Print the listing below again, exactly. Skip the pictures.

[Data section — start]

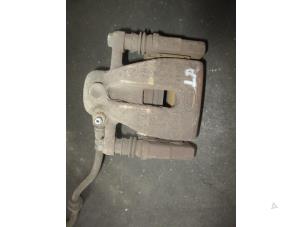 Gebruikte Remklauw (Tang) links-achter Landrover Freelander II 2.2 tD4 16V Prijs € 30,25 Inclusief btw aangeboden door Garage Callant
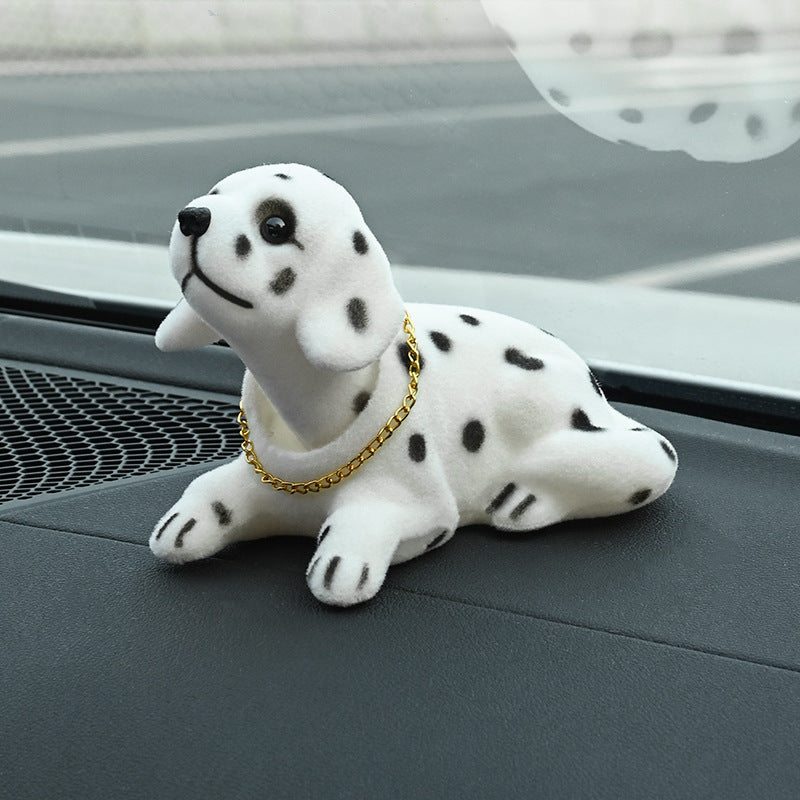 🐶 PROMO FLASH : 50% DE RÉDUCTION ! 🚗 Figurine Chien Hochet Décoration Tableau de Bord de Voiture – Mouvement Automatique – Peluche Floquage Premium – 7 Races Adorables au Choix – Cadeau Parfait pour Amoureux des Chiens 🎁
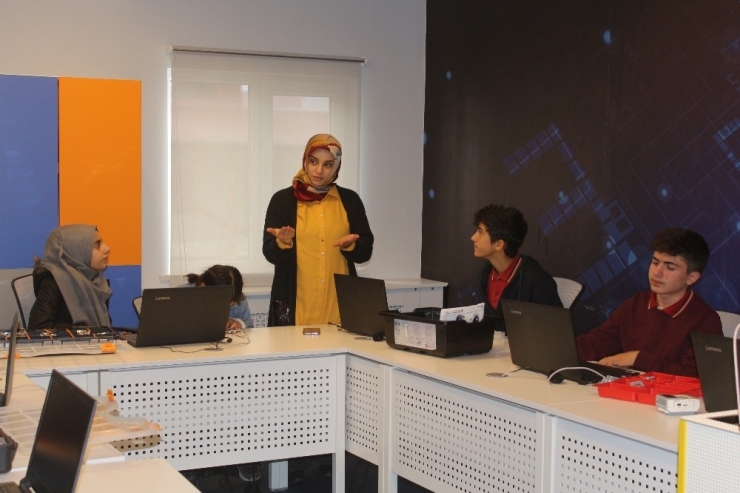 “Hayaller Van Bilim Şenliğinde Gerçekleşiyor” Projesi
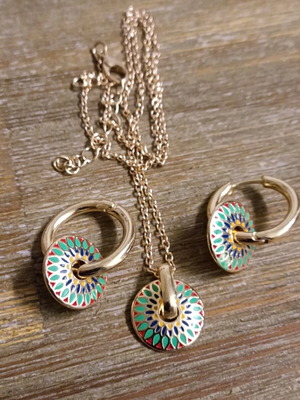 Retro women's jewelry set with earrings and necklace new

[Data section — finish]

> **Exercise solution**:
 Gebruikte Remklauw (Tang) links-achter Landrover Freelander II 2.2 tD4 16V Prijs € 30,25 Inclusief btw aangeboden door Garage Callant
 🐶 PROMO FLASH : 50% DE RÉDUCTION ! 🚗 Figurine Chien Hochet Décoration Tableau de Bord de Voiture – Mouvement Automatique – Peluche Floquage Premium – 7 Races Adorables au Choix – Cadeau Parfait pour Amoureux des Chiens 🎁
 “Hayaller Van Bilim Şenliğinde Gerçekleşiyor” Projesi
 Retro women's jewelry set with earrings and necklace new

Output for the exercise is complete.